Author Affiliations: Departments of Surgery (Drs Grube, Christy, Black, and Lannin), Pathology (Drs Martel and Tavassoli), Medical Oncology (Drs Harris, DiGiovanna, Chung, Abu-Khalaf, and Miller), Therapeutic Radiology (Drs Weidhaas and Higgins), and Radiology Breast Imaging (Dr Philpotts), Yale University School of Medicine, New Haven, Connecticut.

Arch Surg. 2008;143(7):692-700. doi:10.1001/archsurg.143.7.692

Hypothesis  Timing of sentinel lymph node dissection (SLND), before or after preoperative chemotherapy (PC), for breast cancer is controversial.

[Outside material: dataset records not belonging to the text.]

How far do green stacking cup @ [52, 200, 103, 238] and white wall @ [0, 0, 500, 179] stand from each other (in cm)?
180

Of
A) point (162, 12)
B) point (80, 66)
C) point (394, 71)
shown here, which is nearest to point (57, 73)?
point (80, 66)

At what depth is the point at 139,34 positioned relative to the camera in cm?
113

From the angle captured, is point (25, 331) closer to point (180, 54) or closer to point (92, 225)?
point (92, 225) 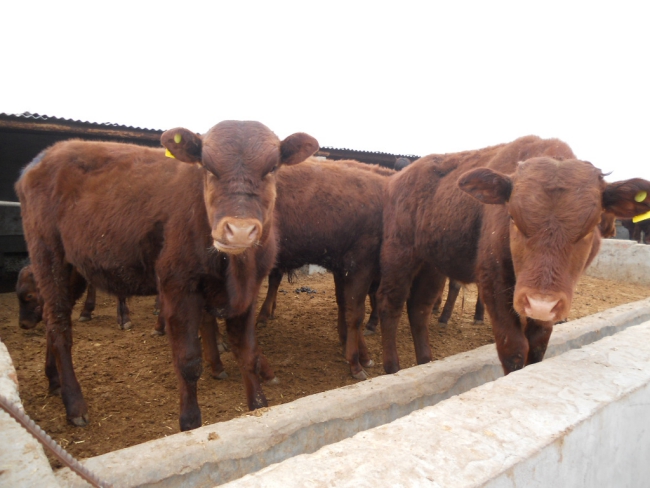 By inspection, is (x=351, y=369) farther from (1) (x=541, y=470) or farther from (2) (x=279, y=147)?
(1) (x=541, y=470)

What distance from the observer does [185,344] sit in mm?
3125

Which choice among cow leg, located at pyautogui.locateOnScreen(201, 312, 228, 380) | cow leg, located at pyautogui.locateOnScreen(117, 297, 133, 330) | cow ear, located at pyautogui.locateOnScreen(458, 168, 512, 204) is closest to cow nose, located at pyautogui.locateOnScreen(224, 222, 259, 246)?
cow ear, located at pyautogui.locateOnScreen(458, 168, 512, 204)

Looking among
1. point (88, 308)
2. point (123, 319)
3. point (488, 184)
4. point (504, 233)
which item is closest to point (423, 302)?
point (504, 233)

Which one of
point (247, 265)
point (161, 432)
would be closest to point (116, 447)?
point (161, 432)

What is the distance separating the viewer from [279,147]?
10.6ft

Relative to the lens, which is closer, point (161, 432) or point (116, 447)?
point (116, 447)

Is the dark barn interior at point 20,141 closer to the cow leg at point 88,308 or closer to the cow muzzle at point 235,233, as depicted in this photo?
the cow leg at point 88,308

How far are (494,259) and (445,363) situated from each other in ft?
2.99

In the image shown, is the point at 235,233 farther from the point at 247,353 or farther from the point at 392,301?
the point at 392,301

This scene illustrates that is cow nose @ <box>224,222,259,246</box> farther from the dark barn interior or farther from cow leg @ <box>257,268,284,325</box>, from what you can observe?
the dark barn interior

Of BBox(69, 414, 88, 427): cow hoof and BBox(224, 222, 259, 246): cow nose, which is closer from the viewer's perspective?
BBox(224, 222, 259, 246): cow nose

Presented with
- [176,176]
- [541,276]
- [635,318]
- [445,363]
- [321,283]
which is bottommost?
[321,283]

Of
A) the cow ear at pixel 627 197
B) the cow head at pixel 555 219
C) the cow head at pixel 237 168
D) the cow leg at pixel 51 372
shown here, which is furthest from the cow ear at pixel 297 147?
the cow leg at pixel 51 372

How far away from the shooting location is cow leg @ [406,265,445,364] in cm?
490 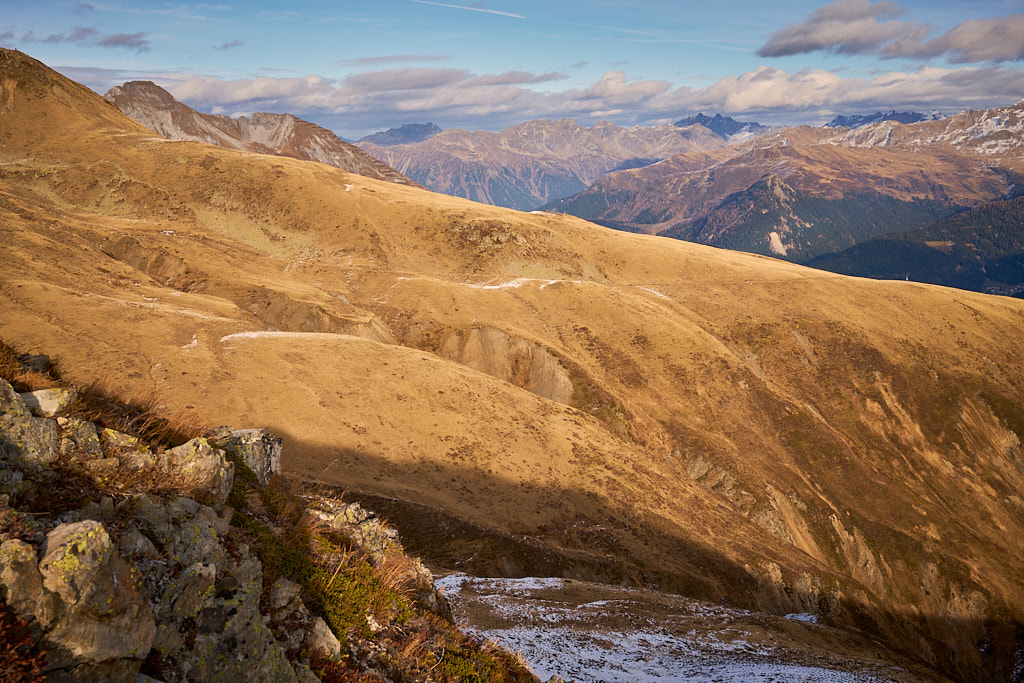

Design  Single-institution experience with SLND before PC.

Setting  Data from prospectively collected Yale-New Haven Breast Center Database.

Patients  Fifty-five SLNDs were performed before PC for invasive breast cancer in clinically node-negative patients between October 1, 2003, and September 30, 2007. The results are compared with patients who underwent SLND and definitive breast and axillary surgery before chemotherapy (control group; n = 463 SLNDs).

Interventions  If sentinel nodes (SNs) were negative before PC, no axillary lymph node dissection (ALND) was performed. If SNs were positive, ALND was performed after PC at the time of definitive breast surgery.

Main Outcome Measures  Sentinel node identification rate, false-negative rate, rate of positivity, and rate of residual disease in axilla.

Results  Of the 55 SLNDs performed before PC, 30 (55%) had a positive SN. The SN identification rate was 100% and the clinical false-negative rate was 0%. In the control group of those with a positive SN, 55% (56 of 101 patients) had no additional positive nodes, 25% (25 of 101) had 1 to 3 positive nodes, and 20% (20 of 101) had 4 or more positive nodes. In the group with a positive SN before PC, 69% (18 of 26 patients) had no additional positive nodes after PC, 27% (7 of 26) had 1 to 3 nodes, and 4% (1 of 26) had 4 or more nodes. Among the SN-positive patients, a pathologic complete response in the breast was found in 4 of 18 patients who had a tumor-free axilla after PC.

Conclusions  Sentinel lymph node dissection before PC allows accurate staging of the axilla for prognosis and treatment decisions. Despite downstaging by PC, a significant percentage of patients had residual nodal disease in the axillary dissection.